(Saved data entries)
--- START ---

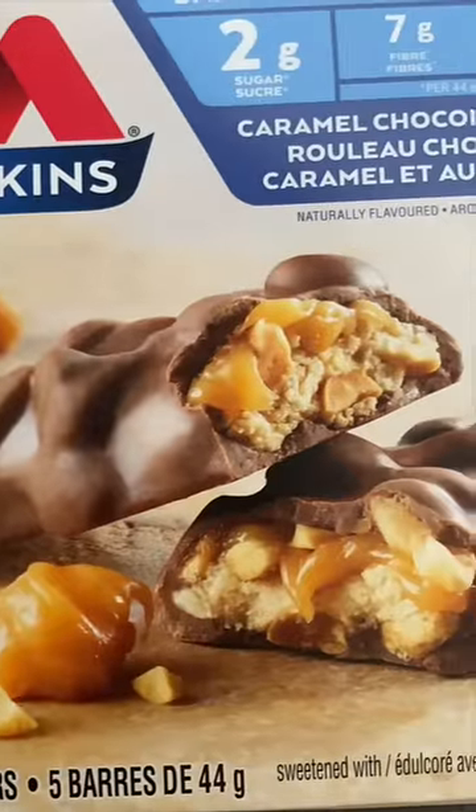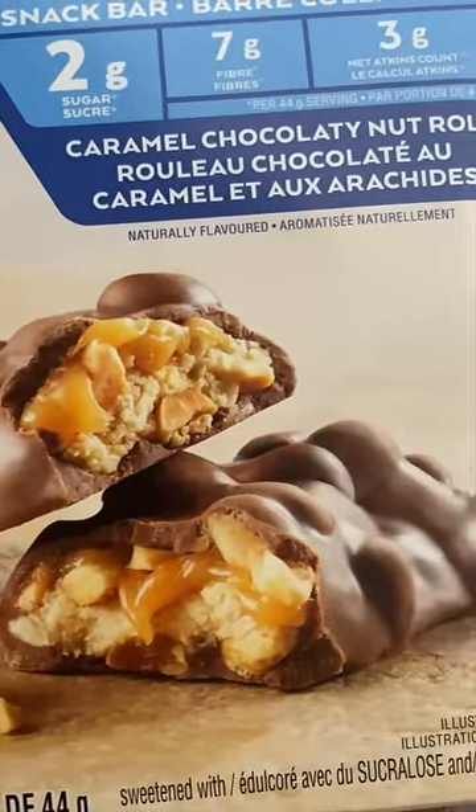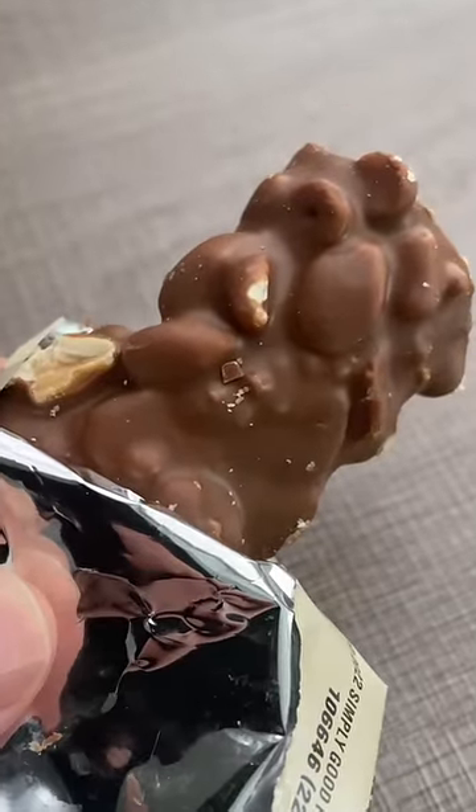I wouldn't consider this to be a healthy snack by any means, but it does satisfy the sweet tooth and it did not raise my blood sugar. Remember that individual results will vary, especially if you are diabetic.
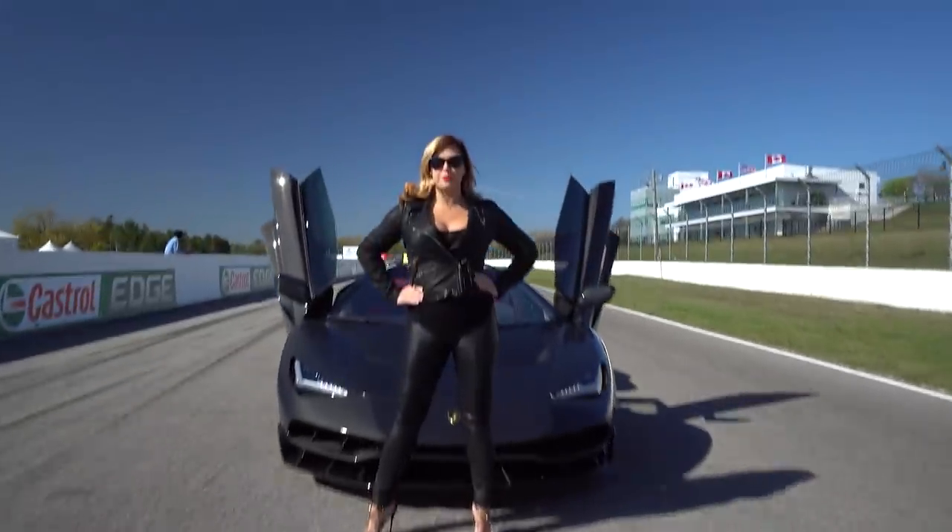Hi guys, so today we're doing another Q&A video and my team has pre-selected their favorite questions that you submitted and I'm about to answer them. I'm Heather Ballantyne, sales specialist and entrepreneur. Follow me and enjoy the ride.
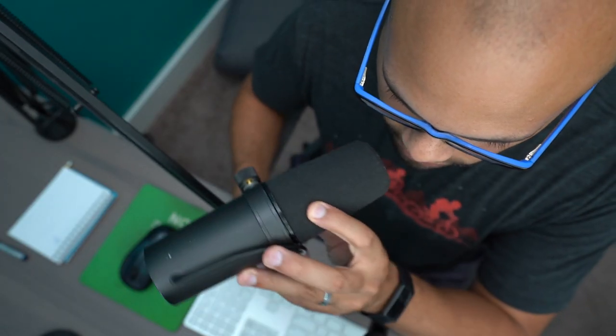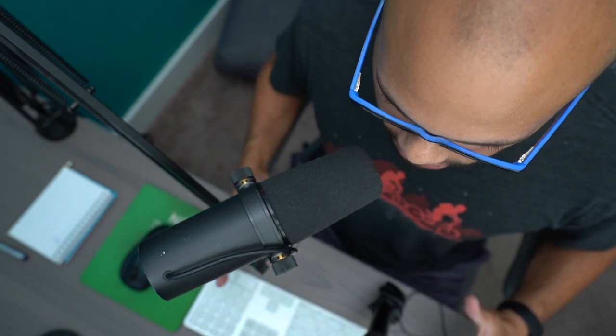The next thing I want to bring up: if you notice, you can see most of my mouth right now — I'm not speaking directly into the microphone, and there's a reason for that. Off-axis. Put the mic off-axis. That's the second tip I want to bring up.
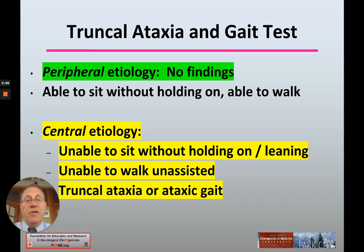If there's a peripheral etiology, there are no findings: no truncal ataxia, no ataxic gait — the patient is able to sit without holding on and able to walk without a wide-based ataxic gait. A central etiology would be suggested if the patient is unable to sit without holding on or leaning, unable to walk unassisted, or has any evidence of truncal ataxia or ataxic gait otherwise.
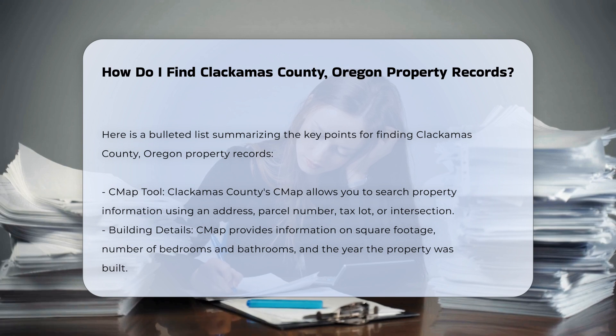CMAP provides detailed information such as building details like square footage, number of bedrooms and bathrooms, and the year the property was built. Tax information including the building's value, land value, total value, and assessed value.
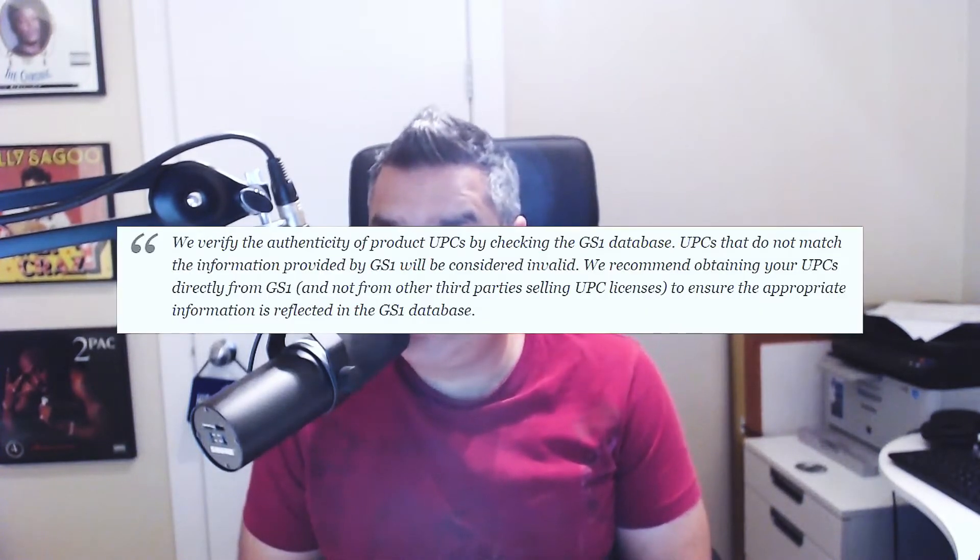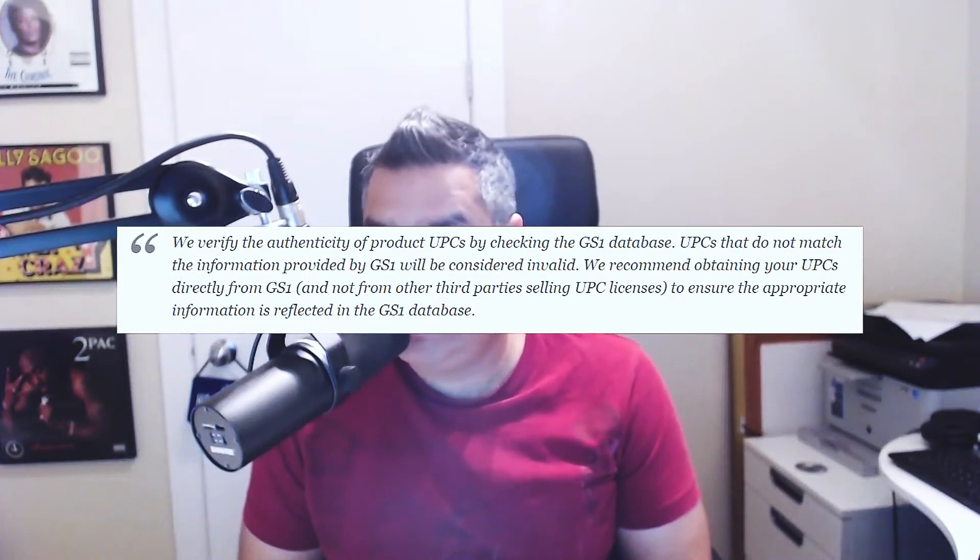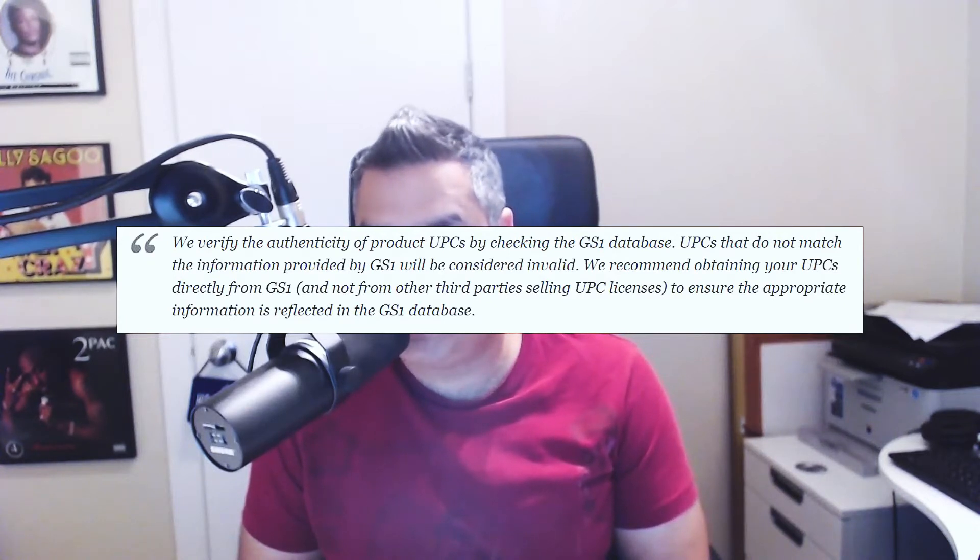We verify the authenticity of product UPCs by checking the GS1 database. UPCs that do not match the information provided by GS1 will be considered invalid. We recommend obtaining your UPCs directly from GS1 and not from other third-party selling UPC licenses to ensure the appropriate information is reflected in the GS1 database. Now what they're saying is there is no requirement for you to only buy barcodes from GS1. You can continue to buy third-party cheap barcodes wherever you want on the internet, but they're warning you that this could potentially lead to a problem.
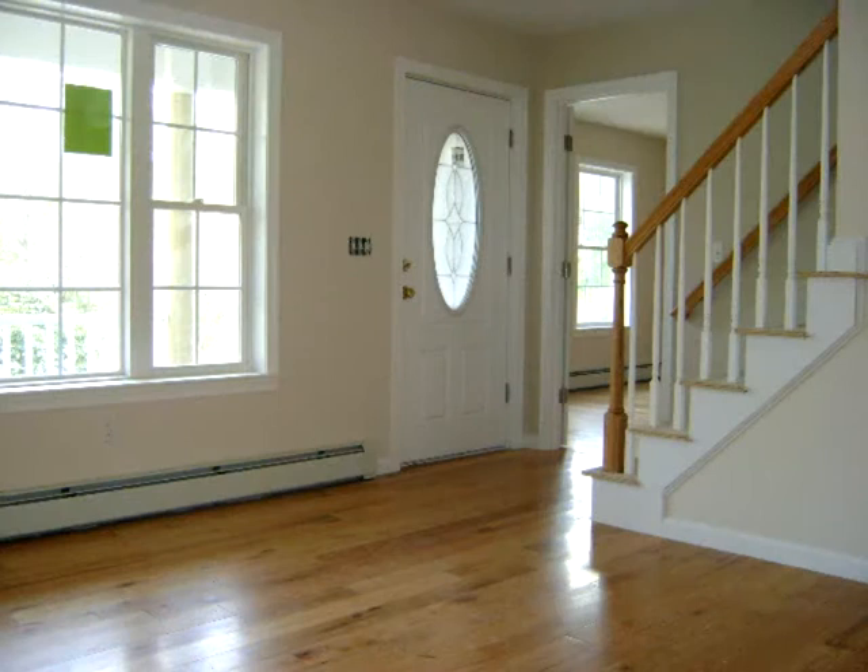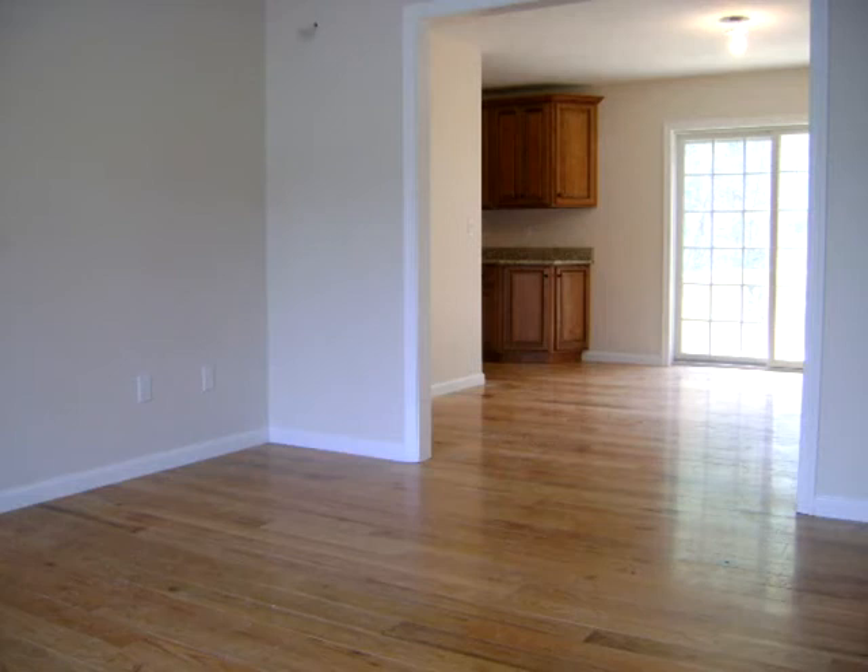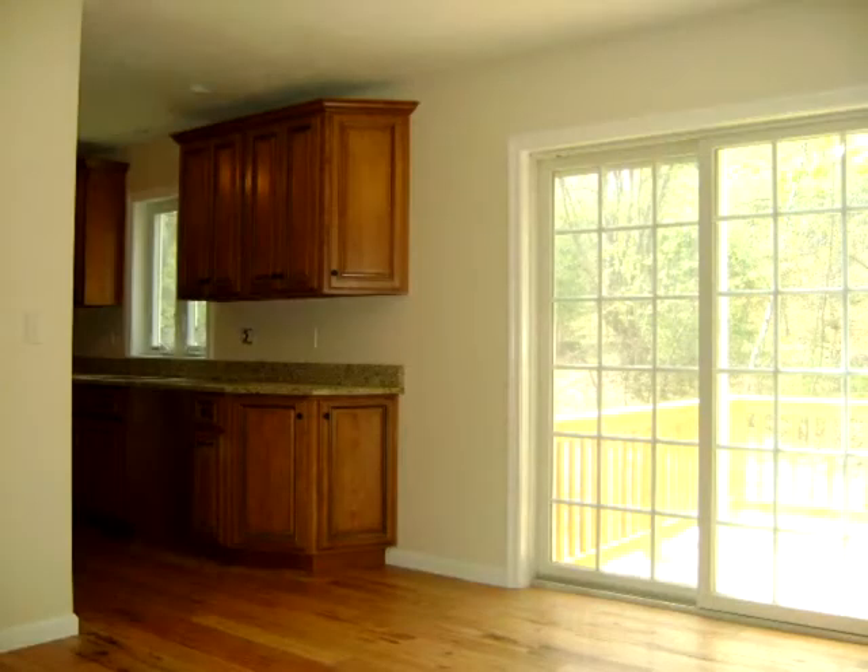Large open family room opening directly into a dining room and a beautiful kitchen with granite tops. First floor master bedroom. Upstairs you'll find two oversized bedrooms each with a walk-in closet. There is also a full bath on the second floor.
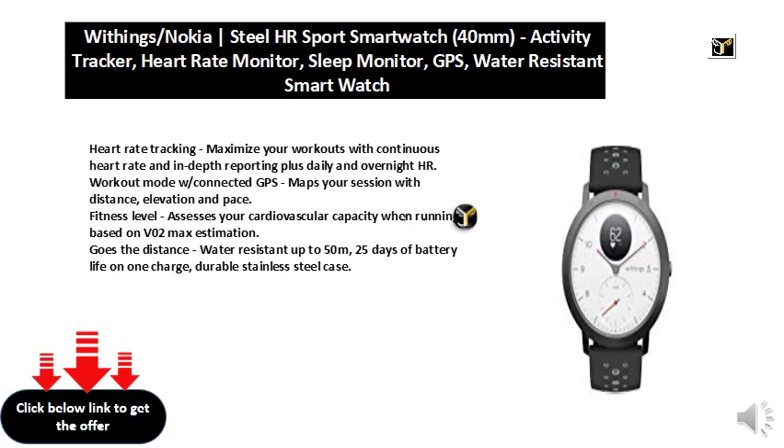Water resistant up to 50 meters, 25 days of battery life on one charge, and a durable stainless steel case.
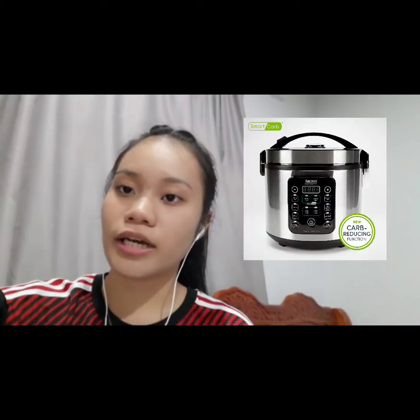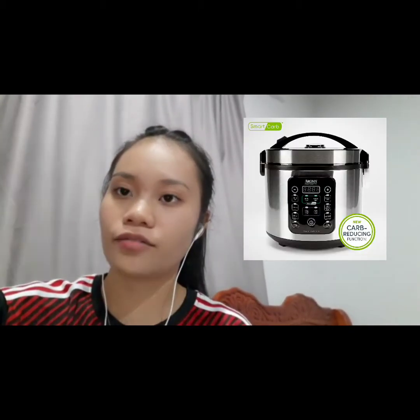The first is the item model number, which is ARC1120STL. The second is the color — as you can see in the picture, it is only available in silver because it is made from stainless steel. It also has a condensation collector on the side of the rice cooker and a digital control panel.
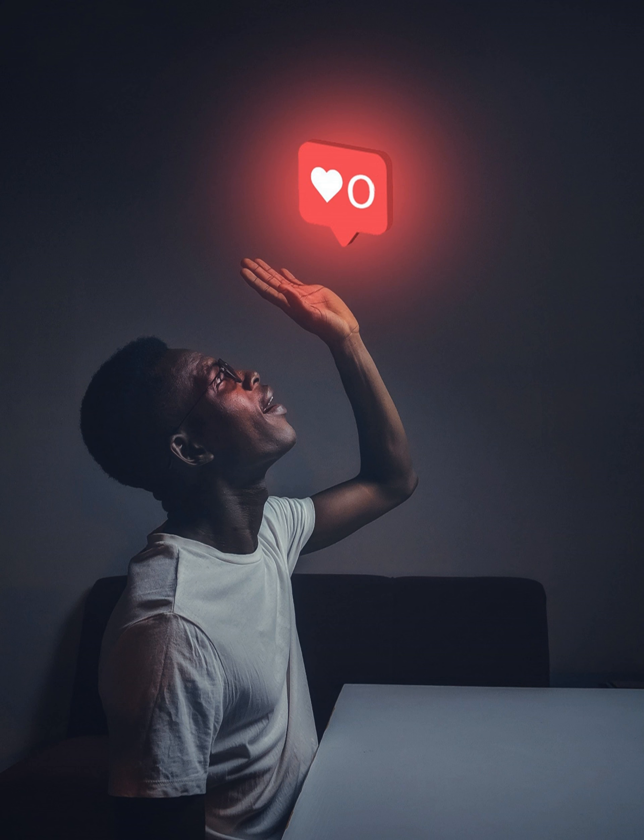Update your profile regularly. This is important because it keeps the content fresh and exciting, attracting more followers and likes. If you don't update your Instagram account often enough, people may not see that you are still active on the platform. It's also wise to maintain a record of any changes in your life or interests so people know about them immediately. Keep a set of notes to document anything notable and save them as ideas for your planned regular posts.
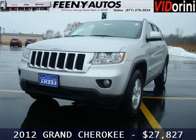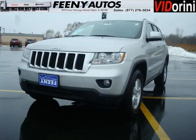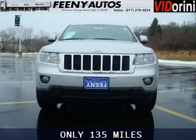Do you want to stretch your purchasing power? Well, take a look at this outstanding 2012 Jeep Grand Cherokee. This Grand Cherokee would look so much better with you behind the wheel instead of sitting on our lot.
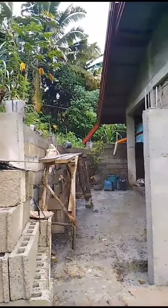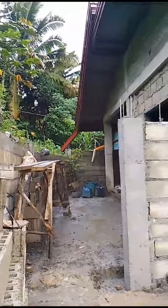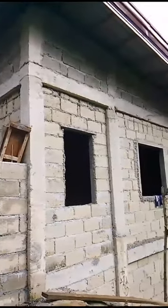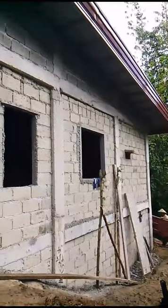Hi, good day. In this video I will show you the house progress, or the progress this week. Just keep on watching because I will show you the improvement or the progress in this week.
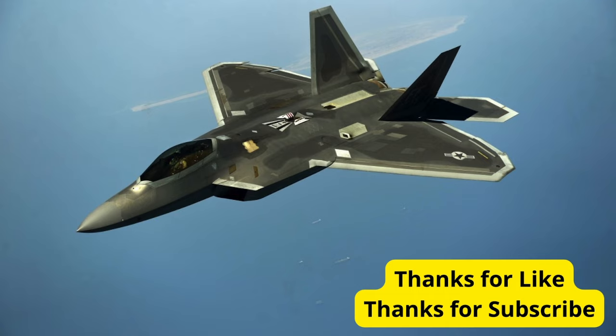And there you have it, folks, the top 5 attack aircraft in the world. Which one is your favorite? Let us know in the comments below. Don't forget to like, share, and subscribe for more thrilling content. Until next time, stay safe and fly high.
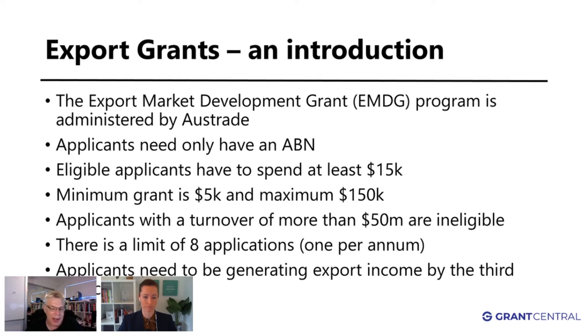In any one application, you have to spend at least fifteen thousand dollars in eligible expenditure. The minimum grant is five thousand dollars. To show how that works: if you spend fifteen thousand, the government wants you to spend the first five thousand yourself and not reclaim that. You're then left with ten thousand, and you get fifty cents in the dollar back — fifty percent of ten thousand is five thousand, so that's the minimum grant.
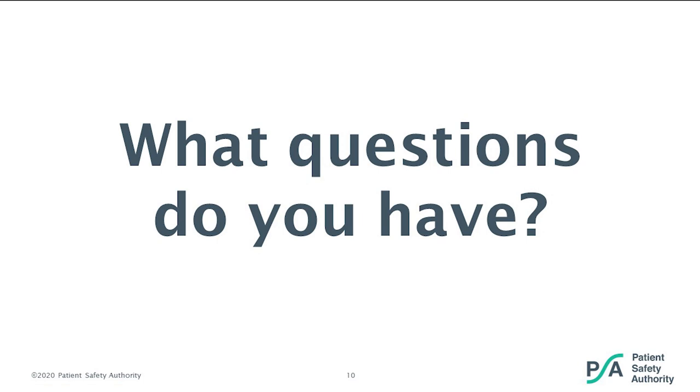That concludes the slide presentation portion of our program. Now we would like to begin our question and answer period. The first question: can the evidence-based communication tools convert to an electronic medical record? Yes — I have personally seen both paper and electronic medical record evidence-based communication tools that can work both effectively and efficiently. You can work with your health information informatics team; there's probably already one built, or it would be a process you can work with them to create.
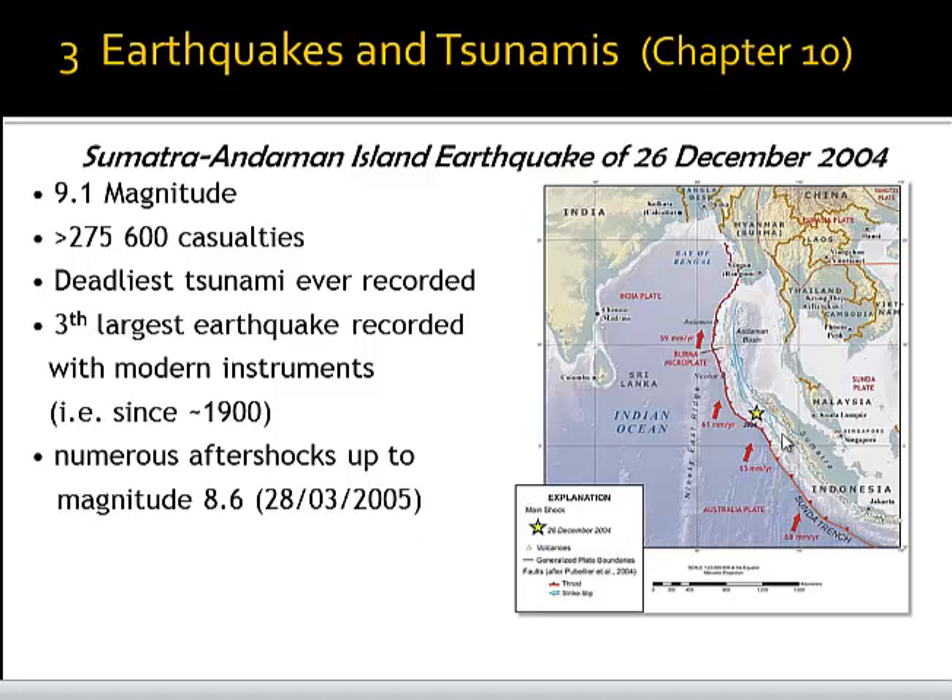Here we see in principle the situation. There is a subduction zone between the oceanic part of the Indian plate and also the oceanic part of the Australian plate, both of which move with about six centimeters north-north-eastwards. These oceanic lithospheres are subducted underneath these continental and oceanic margins, as we will see in the next slide.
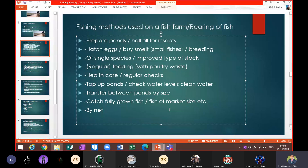Number four is regular feeding with poultry waste. As fish farming is developing, fish farmers now have fish farms and poultry farms at the same place. The waste from fish is used as poultry feed, and poultry waste is used as fish feed. In this way, both farms can be managed efficiently and they need to buy less feed from the market.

--- END ---

Exercise requirements
Would you give again, exactly, the lines in the data above that run from the line containing "Update your profile" to the line containing "And there you"? Include both ends and no pictures.

Exercise response
Update your profile regularly. This is important because it keeps the content fresh and exciting, attracting more followers and likes. If you don't update your Instagram account often enough, people may not see that you are still active on the platform. It's also wise to maintain a record of any changes in your life or interests so people know about them immediately. Keep a set of notes to document anything notable and save them as ideas for your planned regular posts.
Do you want to stretch your purchasing power? Well, take a look at this outstanding 2012 Jeep Grand Cherokee. This Grand Cherokee would look so much better with you behind the wheel instead of sitting on our lot.
Hi, good day. In this video I will show you the house progress, or the progress this week. Just keep on watching because I will show you the improvement or the progress in this week.
And there you have it, folks, the top 5 attack aircraft in the world. Which one is your favorite? Let us know in the comments below. Don't forget to like, share, and subscribe for more thrilling content. Until next time, stay safe and fly high.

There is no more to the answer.